Client was taking amoxicillin/clavulanate 875 mg PO every 12 hr for 10 days for a respiratory tract infection. Antibiotics completed 7 days ago.
Bilateral breath sounds clear and present throughout.
Abdomen soft, distended with hyperactive bowel sounds audible in all 4 quadrants.
Stool is watery and contains mucous. Stool sent for culture.
A nurse is assisting in the care of a female client.
Complete the following sentence by using the lists of options: The nurse should first address the client ___ followed by the client's ___.
- A. blood pressure
- B. Hgb level
- C. temperature
- D. potassium level
- E. abdominal findings
- F. Hct level
Correct Answer: A,D
Rationale: Sure, here is the detailed explanation for the correct answer :
1. **Blood pressure (A)**: The nurse should first address the client's blood pressure as it is a vital sign that provides immediate information about the client's cardiovascular health and overall perfusion status.
2. **Potassium level (D)**: Following the assessment of blood pressure, addressing the client's potassium level is important as potassium imbalances can have critical implications on cardiac function and require prompt intervention.
**Summary**:
- **Incorrect Choices**:
- B: Hgb level and F: Hct level are related to blood components and not typically the first priority in a general assessment.
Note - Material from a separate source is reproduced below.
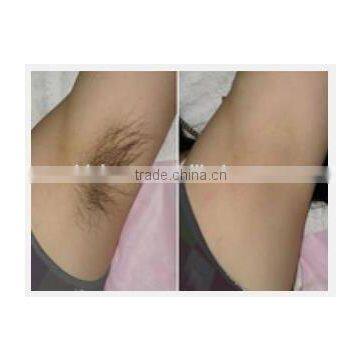 Supply Medical Affordable Permanent Hair Removal / at Home Laser Hair Removal Machines Keyword photo-6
- C: Temperature is important but may not be the immediate priority compared to blood pressure and potassium level.
- E: Abdominal findings are important but may not be the initial focus in this context.
- **Correct Choices**:
- A: Blood pressure and D: Potassium level are crucial in
A nurse is caring for a client who has Graves' disease and is to start therapy with propylthiouracil. The nurse should expect which of the following outcomes?
- A. Increased Hct
- B. Decreased WBC count
- C. Decreased heart rate
- D. Increased blood pressure
Correct Answer: C
Rationale: The correct answer is C: Decreased heart rate. Propylthiouracil is an antithyroid medication used to treat hyperthyroidism, such as Graves' disease. It works by inhibiting the production of thyroid hormones. A decreased heart rate is an expected outcome as hyperthyroidism can cause tachycardia (increased heart rate), and treatment with propylthiouracil helps normalize heart rate.
Incorrect options:
A: Increased Hct - Propylthiouracil does not affect hematocrit levels.
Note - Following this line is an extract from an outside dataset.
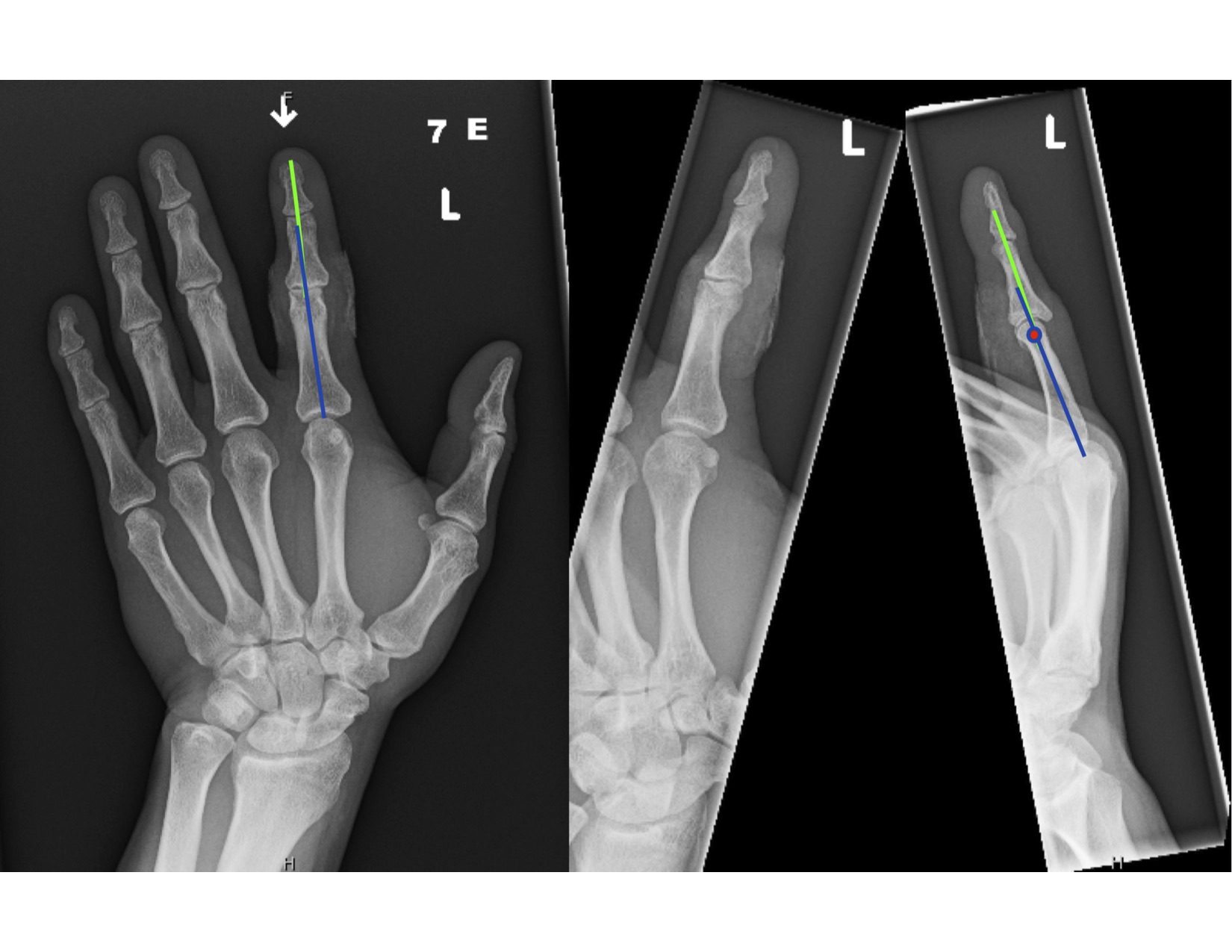 Dorsal Fracture Dislocations Of The Proximal Interphalangeal Joint ...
B: Decreased WBC count - Propylthiouracil does not typically affect white blood cell count.
D: Increased blood pressure - Propylthiouracil does not lead to an increase in blood pressure.
A nurse is reinforcing teaching with a client who has a new prescription for alendronate for the treatment of osteoporosis. The nurse should instruct the client to monitor for which of the following adverse effects?
- A. Anorexia
- B. Jaw pain
- C. Insomnia
- D. Bruising
Correct Answer: B
Rationale: The correct answer is B: Jaw pain. Alendronate, a bisphosphonate medication used to treat osteoporosis, can cause a rare but serious side effect called osteonecrosis of the jaw (ONJ), characterized by jaw pain, swelling, and possible infection. It is essential for the nurse to instruct the client to monitor for any signs of jaw pain to promptly report to their healthcare provider. Anorexia (A), insomnia (C), and bruising (D) are not typically associated with alendronate use for osteoporosis and would not be common adverse effects that the client needs to monitor for.